By becoming more and more used to the mindset of - seek out a problem, destroy the problem, repeat, there are times when (if we are honest with ourselves) the ‘problems’ we identify and deal with aren’t even problems at all. Often, we focus on these problems, these barriers, these obstacles, these glass differences and try to dance around them. Almost as if to prove how much we care or how clever we can be in our solutions. Too much time and effort is spent on labelling them and discussing them and consequently, they are given more respect than they deserve.


Who cares that he is deaf? No one.


What difference did it make to the experience? None.


Why does it matter? As far as I am concerned the above conversation serves as proof that, in the nicest and most inclusive way possible, it doesn’t.


We should save the dancing and creative effort for the things that need it most. For the real problems which do need clever and innovative solutions. Time should be spent first on doing the things which make the biggest difference. Spent first on taking things that are bad, and which don’t work, and making them good. Prioritising real problems. Not spent focussing on, or worse, creating problems that aren't actually there. Not spent on taking OK things and making them more OK.

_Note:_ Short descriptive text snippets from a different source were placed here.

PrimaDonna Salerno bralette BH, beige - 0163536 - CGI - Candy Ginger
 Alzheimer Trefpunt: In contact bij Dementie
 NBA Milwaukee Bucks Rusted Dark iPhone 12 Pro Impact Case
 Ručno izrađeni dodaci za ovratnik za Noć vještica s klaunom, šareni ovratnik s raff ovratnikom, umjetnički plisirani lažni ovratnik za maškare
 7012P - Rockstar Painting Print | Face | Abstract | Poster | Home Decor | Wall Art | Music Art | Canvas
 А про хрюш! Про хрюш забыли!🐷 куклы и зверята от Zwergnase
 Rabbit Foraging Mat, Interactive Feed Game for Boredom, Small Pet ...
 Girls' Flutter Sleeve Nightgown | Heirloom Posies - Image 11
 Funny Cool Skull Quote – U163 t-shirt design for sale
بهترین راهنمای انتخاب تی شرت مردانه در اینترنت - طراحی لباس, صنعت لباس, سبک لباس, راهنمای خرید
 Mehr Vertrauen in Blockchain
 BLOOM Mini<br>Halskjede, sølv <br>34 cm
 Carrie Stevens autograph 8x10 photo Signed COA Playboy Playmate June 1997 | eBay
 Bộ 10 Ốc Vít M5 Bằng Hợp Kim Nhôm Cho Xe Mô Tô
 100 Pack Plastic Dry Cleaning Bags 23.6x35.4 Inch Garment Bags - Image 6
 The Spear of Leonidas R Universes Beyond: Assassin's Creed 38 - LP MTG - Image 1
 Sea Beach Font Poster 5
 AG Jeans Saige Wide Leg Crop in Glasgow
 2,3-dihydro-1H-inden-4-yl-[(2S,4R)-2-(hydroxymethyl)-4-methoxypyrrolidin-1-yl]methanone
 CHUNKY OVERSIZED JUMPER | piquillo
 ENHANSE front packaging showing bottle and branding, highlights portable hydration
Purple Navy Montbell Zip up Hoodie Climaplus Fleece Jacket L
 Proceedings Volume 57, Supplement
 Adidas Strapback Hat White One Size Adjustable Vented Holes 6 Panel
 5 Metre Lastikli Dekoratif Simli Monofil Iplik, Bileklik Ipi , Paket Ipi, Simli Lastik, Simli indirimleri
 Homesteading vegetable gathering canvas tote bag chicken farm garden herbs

Being mindful of our limitations, both as individuals and as part of the groups we belong to is important. There is no doubt that it helps us empathise with others and be more considerate as to how they live and feel. But we shouldn’t be threatened or bullied by these limitations, perceived or otherwise. In fact, I would go as far as to say that where possible we should see straight through them. Level the screed by withholding judgment. Embrace our differences by ignoring them.


A person’s limitations and their worth have no correlation when it comes to communicating. Everyone is entitled to the same level of respect in conversation, civil, polite and professional alike.


Inclusivity is to be championed for sure, but for its benefits. Shared cultures, wide-ranging perspectives, diverse skill sets, personal growth, increased productivity etc. Not just for inclusivity’s own sake, that's for the birds.


The sense of value and worth that comes from being in a good team is when you know you are there because of your merits, not the pity of your limits.


We would rather earn it than be given it. I don’t know anyone who would say otherwise, however limited they may be, and in that sense, we are all the same.